■ **What is required**: Starting with the line that contains "Nursing Athletic Shoe", copy every remaining line of the data below exactly, the last one included.
━━━ Record extracts ━━━
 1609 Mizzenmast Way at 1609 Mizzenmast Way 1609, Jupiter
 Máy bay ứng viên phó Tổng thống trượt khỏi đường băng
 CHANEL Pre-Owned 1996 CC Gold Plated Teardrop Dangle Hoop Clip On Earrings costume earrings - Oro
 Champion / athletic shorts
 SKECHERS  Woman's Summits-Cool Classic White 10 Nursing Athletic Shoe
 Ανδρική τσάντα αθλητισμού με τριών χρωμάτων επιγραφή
━━━
■ **Solution to this task**:
 SKECHERS  Woman's Summits-Cool Classic White 10 Nursing Athletic Shoe
 Ανδρική τσάντα αθλητισμού με τριών χρωμάτων επιγραφή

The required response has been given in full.